We Could Be Dreaming

Morning strikes our eyes,
a mist from kicked-up waves, in the photograph
where we met on the island of sun—
sending signals toward other peaks from other times
over the bow of a boat waving its Bolivian flag
torn in half.
Five years of wind and daily crossings
from island to mainland
under sheer sun, a lake above the clouds,
mold a formation of island
another birth—the depths of darkest blue: forbidden.

Give me ink swirls of evening,
dreaming pools,
let the trail collect into insight from elevation;
walking in a loop
the parameter of this place,
if we sleep, we will sleep on wooden beds.

Children: watch me read this book.

I was called to be a traveler, usually moving
faster than our boat: tomorrow there will be a bus.

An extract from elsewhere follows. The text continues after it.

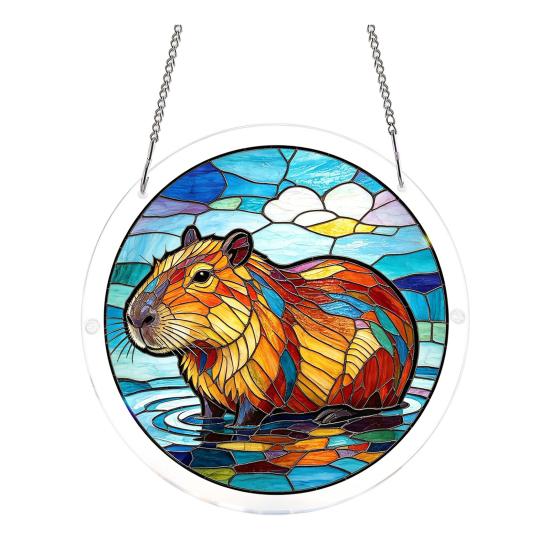 Stained Glass Suncatcher, Acrylic Puzzle Hanging Decoration, 7.48 Inch Round DIY Kit for Adults, Relaxing Craft Gift for Women Moms Puzzle Lovers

The sunset reveals dimples of a sandstone block,
its legs carved into cubes
low, like a table—

They must have surrounded it while kneeling

for meals or a sacrifice, for being alone

to wait for a star—

to be contacted through the sound of a flute

awake in your bed with the thought that you must return

under moonlight to find its rain

across sandstone—

carries the surface away;

so rehearse the night against a boat’s metal hull,

and whatever screaming babies are on vacation,

if you take this journey

we will be living between the lake and a land.

For many years I have thought

this language is important.

Do you swim across for six hours
to become stranded? We are still searching

for a wind to bring it closer,
that blurred insight,
and these fine-tuned throttles
so close to the sun.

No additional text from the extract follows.